犬のおさんぽ (Inu no Osanpo, lit. 'walk the dog'), by WOW Entertainment (and supposedly CAVE, it's on their website) for the Sega NAOMI arcade platform in October 2001, is an arcade dog-walking simulator. Yes, really.

I played a lot of Nintendogs back when it first released and when I saw this game in the NAOMI games list and looked up a video I knew I had to play it. This was another high-effort-to-get-running game because the emulated controls are not exactly obvious (honestly I'm amazed Demul even supports them at all), and when I messaged the only person with a YouTube video as to how they got it working they couldn't remember anything special. Turns out there actually was nothing special, which will probably be a bit surprising in a few paragraphs!


I can never see Shibas the same after watching Oda Cinnamon Nobunaga

You choose one of 6 dog breeds (Shiba, pug, Siberian husky, Pembroke Welsh corgi, poodle, Labrador retriever; they all have cute names too) and one of three routes and go on a lovely little walk with your dog. You can go to the pet store to get more food, walk to a field so you can play with a frisbee, or make your way home from the dog park.

But of course, this is an arcade game! It can't be as simple and mundane as that! First, just look at the "controller" for this game: 


If I ever get to open my 'I won the lottery and have way too much money' arcade, you can bet I'll have this cabinet in there.

Yes, it's a treadmill. A treadmill, a fake plastic dog, and a lead. It might be the most bizarre control scheme I have ever seen for a game. When playing on emulator the control scheme might actually be even more of a mess, because the treadmill is bound to mouse movement. (and moving it even an inch before starting the game will simulate treadmill movement and will cause a BELT ERROR, complete with an annoying alarm and warning screen that only goes away by going to test mode and clearing it)

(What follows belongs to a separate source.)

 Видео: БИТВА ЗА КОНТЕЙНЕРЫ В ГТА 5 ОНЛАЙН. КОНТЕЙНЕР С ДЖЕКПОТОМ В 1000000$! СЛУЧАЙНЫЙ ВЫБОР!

We failed to dodge the skaters; you can see one of them wiped out in the back

The game's not very pretty; it looks like a very early Dreamcast game which is disappointing for arcade stuff at the time (though everything looks disappointing compared to Planet Harriers, which was one year earlier). The music is okay and cute. There's nothing special about either: this isn't exactly the kind of game you'd play for the cutting-edge graphics, now is it?


Don't let your dog eat garbage in the road!

As expected with an arcade game, you are graded and scored based on your dog's mood meter. Successfully walking it, letting it investigate where other dogs have done their business, and completing in-level missions will raise it and cause your dog to prance around hilariously. Outrunning or moving too slow for your dog, letting it eat trash, or failing missions will lower it. Lowering it all the way will give you a GAME OVER, and your dog will be very sad.


Dodge the car!

The missions are really the highlight of the game: middle-aged women trying to catch a cat who stole their fish, getting attacked by crows, avoiding cars or bikes in the middle of the road, or even a series of 'fights' against a particularly mean bulldog, and that's not even listing the most ridiculous one of all. They're pretty outlandish and feature some funny animations, win or lose. They're also not too hard once you figure them out (except frisbee, I still can't manage to do that one at all).

Complete with bad Japanese puns!

It's honestly pretty fun, and worth it just to see how weird it is. Given that it's an arcade game, it's very short, probably 15 minutes for the longest route at the most. It's something that I can recommend at least playing through each of the routes once, you will probably laugh your ass off at least once in each. And of course, if by some fortuitous chance you actually see this in an arcade somewhere, you better play it.